Its very easy to download and install (just drag-n-drrop, like most other OSX Apps), no need to wait for it to compile, and it comes with a nice menubar icon for control.

In its default configuration it only listens on a port, but not on a unix socket. The problem is, Rails recipes with postgres create a config/database.yml file that assumes a socket presence.

Of example:

✗ rails new test1 -d postgresql
      create
      create  README.rdoc
      ...
Your bundle is complete!
Use `bundle show [gemname]` to see where a bundled gem is installed.
✗ cd test1
✗ rake db:create
could not connect to server: No such file or directory
        Is the server running locally and accepting
        connections on Unix domain socket "/var/pgsql_socket/.s.PGSQL.5432"?

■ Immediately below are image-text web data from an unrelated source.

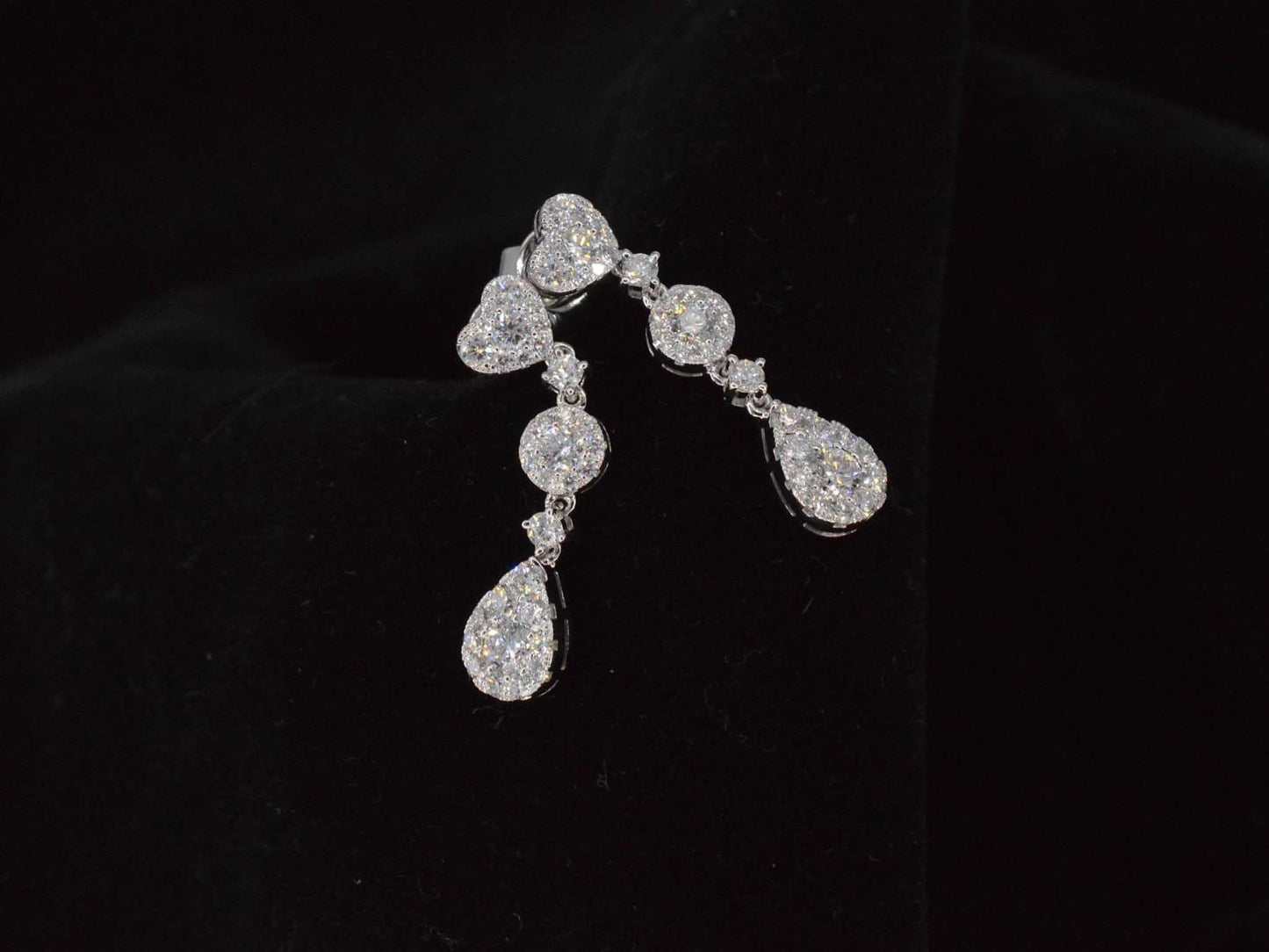 Witgouden diamanten oorhangers met diamanten 1.50 carat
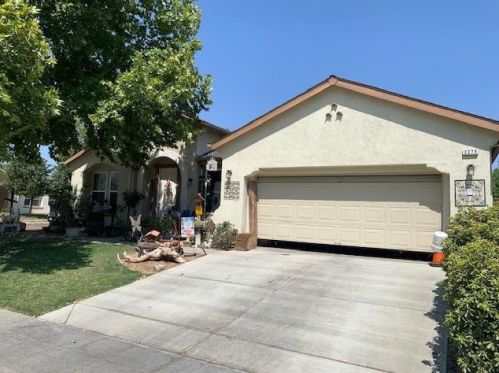 2275 Waldby Ave, Fresno CA  93727-5277 exterior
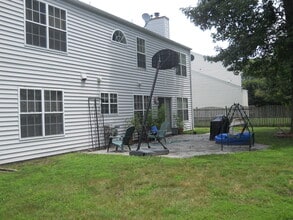 128 Hedgerow Ln in Yorktown, VA - Building Photo - Building Photo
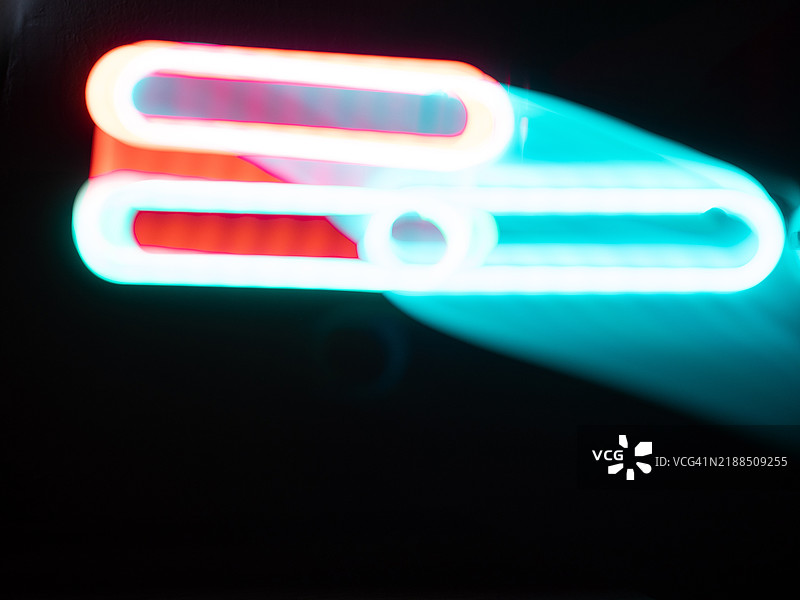 计算机芯片与互联网概念的物理结构对比。图片素材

This problem was bothering me for a while as I tried to use rails_apps_composer to bootstrap new applications and it was failing on those database errors.

I didn’t want to mess with Postgres.app configs, as I suspected they’d be overwriten on each version upgrade, so at first I tried to somehow trick it to stop and let me replace the config/database.yml file in time. The solution turned out to be much simpler though.

The Rails Postgres driver recognizes standard Postgres environment variables, one of which is PGHOST. When set to localhost Rails will go for the port instead of the Unix socket, even if there is no host: localhost setting in the YAML file.

✗ PGHOST=localhost rake db:create
✗ _

So just add export PGHOST=localhost to your shell start file, e.g. ~/.zshrc and you are set.

Im actually went further with it, and now I have shell aliases to reset postgres env config, configure it for localhost, or read current application Heroku configs and pre-set Postgres environment for a direct access to Heroku db, but that is a topic for another blog post.